320*y + x -- 320 is the offset
That's basically all there is to it.
But this is not where it is in RAM!!
A0000h + [320*y + x] -- There we go!!
That is the kind of value we cannot interpolate with the tmap.
If we have a 256x256x8-bit tmap... then tmap index is
(v shl 8) + u -- This we can interpolate
TmapPtr + [(v shl 8) + u] --- This we cannot interpolate
We can only add TmapPtr later. It has to be done this way because large
values like pointers are definitely going to affect the delta values. Also
we would have to give up all of our fractional bits. It is the fractional
bits that gives us the better representation of <u,v> coordinate interp.
That solves problem number one.
Next is the problem of alignment. The above example talked about a 256x256
8 bit indexed color tmap. What do you do with a 256x256 16-bit RGB map? If
you interpolate index in the table you may run into halfway points and such.
We can't have that.
The equation for indexing a 256x256x16bit map is...
(v shl 9) + (u shl 1)
As you can probably guess, indices should be even numbers.

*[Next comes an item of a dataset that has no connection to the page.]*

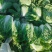 富硒大白菜高山白菜品质优良基地直销量大从优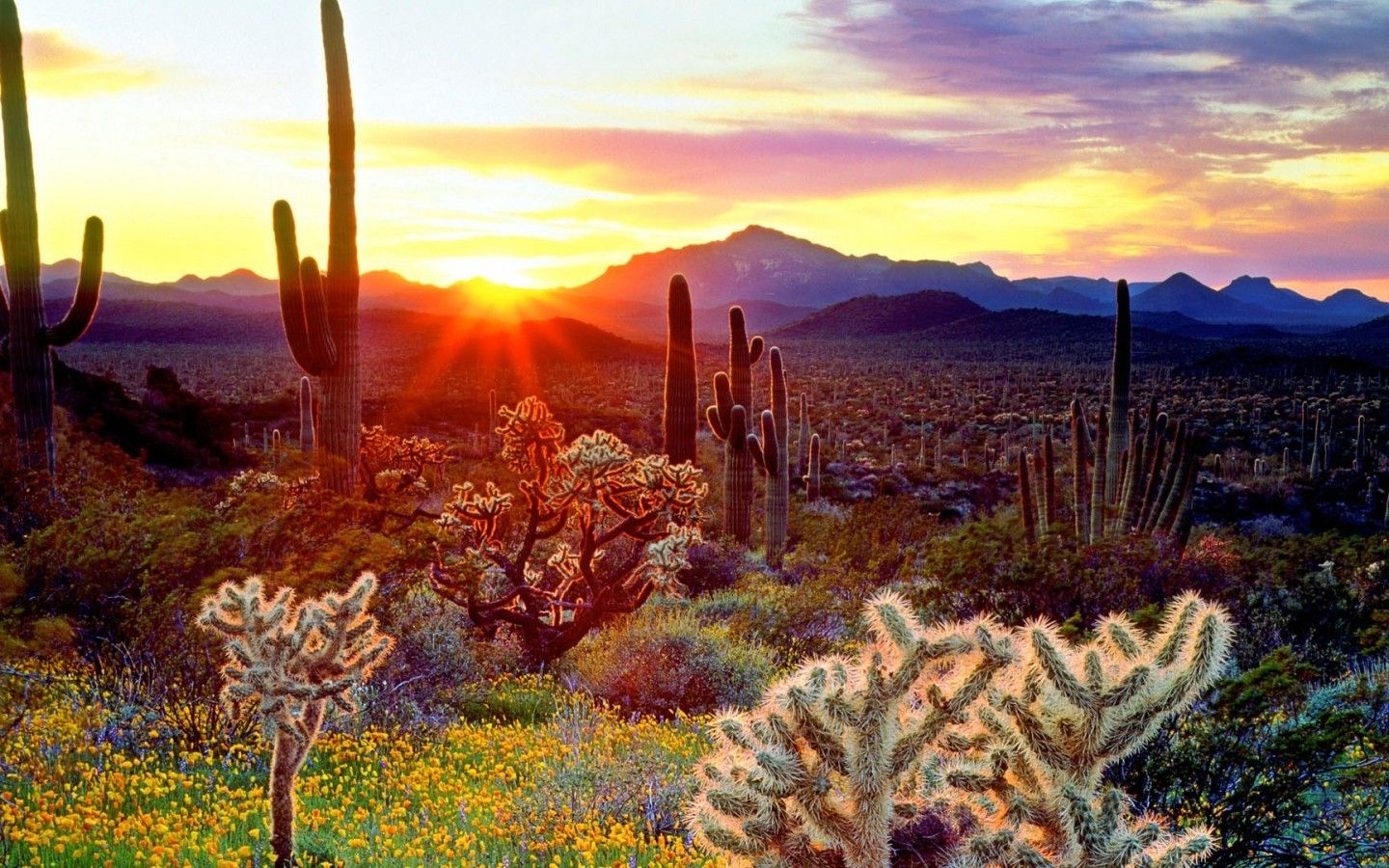 Tucson Sunset Wallpapers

But if we interpolate this value the deltas could be odd or even.
That may result in odd numbers which means we'll be ending halfway
between one texel and another.
You could AND it with FFFEh, but the more accurate method
would be to factor out the two and multiply it in afterwards.
(v shl 8) + u --- This quantity is interpolated The result is
multiplied by two. Same trick could be pulled
on a 32-bit tmap.( mul by 4 )
Another possibility would be to factor out the two and compute
deltas based on that value, then multiply all quantities by two before
the inner loop. (i.e. compute deltas based on [v shl 8 + u], but then
put mul both the index and the Index-delta by two, then do the inner
loop)
Let's also be clear on one other thing. This method of index interpolation
works ONLY on affine tmapping. It could be made to work on perspective mapping,
but it may not be that simple. You would have to multiply current u,v deltas
by the corresponding amounts. Or do u,v interp for the few points if you
do scanline or area subdivision and so on. I am working out some equations
for index interp for perspective mapping, but it seems to depend on the algorithm
as to whether or not it will work (See below). Still
there are those who would shoot down the concept, but I wrote up a
simple proof that shows that it DOES work.
UNCONDITIONALLY!!!
You can see from the proof that whether you do (u,v) coord interpolation
or texel index interpolation, the deltas prove to be 100% exactly the same.
That's all there is to it. While it only shows the case of interpolation
on a scanline, the same logic can be extended to edges. The initial values
cannot possibly be wrong as long as you're still using the same routines
to generate those. Nothing so far is disputable.
You may think an inner loop like...
u += du;
v += dv;
c = Tmap[v][u];
is fast, but that last instruction actually involves multiplying
v by the offset and adding u and adding that result to Tmap's
pointer.
Now compare to....
I += dI;
c = Tmap[I];
Hmmmmmmmm.... That's a toughie...
Fewer operations in the inner loop, Fewer div's in polygon setup,
possibly even fewer parameters to be passed in, smaller code.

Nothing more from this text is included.